Éduquer au dépassement de l’apparence

L’apparence, celle des êtres, gouverne trop souvent notre jugement : les parents d’enfants porteurs de trisomie 21, avec lesquels j’ai contact, ne me démentiront pas, mais je ne voudrais pas m’arrêter à eux. Il est des situations et des paroles qui, interprétées au pied de la représentation ou de la lettre, génèrent des jugements trop rapides et trop raides, souvent des confusions et parfois de douloureuses polémiques !

Contrairement à ce que prétend souvent le sens commun, les images, qui saturent notre espace de communication, sont elles aussi extrêmement trompeuses : les créateurs de « fake news » y ont souvent recours. Comme je l’exprimais dans une récente prédication de semaine, une photographie représentant un geste de la main peut aussi bien signifier un au-revoir que le souci de chasser une mouche ! Quoi qu’il en soit de l’arrière-plan.

C’est d’ailleurs bien l’apparence d’une photo, et le jugement qui s’ensuivait, qui m’ont conduit récemment à contester en ligne le jugement esthétique très négatif de mon ami Jean-Pierre Denis au sujet de la statue d’un groupe d’immigrés que le pape François a fait déposer sur la place Saint-Pierre. Sur une photo dans sa platitude, hors donc de tout son environnement, la statue ne peut être appréciée que dans un cadre étroit, et sous l’angle de la fonction symbolique : c’est à mes yeux insuffisant pour engager un jugement péremptoire.

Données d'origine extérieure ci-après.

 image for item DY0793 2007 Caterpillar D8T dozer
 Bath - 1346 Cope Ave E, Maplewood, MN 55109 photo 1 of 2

L’apparence extérieure génère un jugement immédiat, délicat quand il concerne les objets, les situations, ou les paroles, comme je viens de le souligner, mais plus délicat encore quand il s’agit de juger des personnes. Rappelons-nous par exemple qu’Eliab, le fils aîné de Jessé, avait belle apparence et grande taille, mais que Dieu ne l’avait pas choisi car « les vues de Dieu ne sont pas comme les vues de l’homme, car l’homme regarde à l’apparence, mais le Seigneur regarde au cœur » (1 Sa 16,6-7). Jusqu’à Jésus lui-même, « le plus beau des enfants des hommes » (Ps 45,3), dont je ne suis pas aussi sûr que certains qu’il fût « beau gosse », au sens où nous l’entendons aujourd’hui…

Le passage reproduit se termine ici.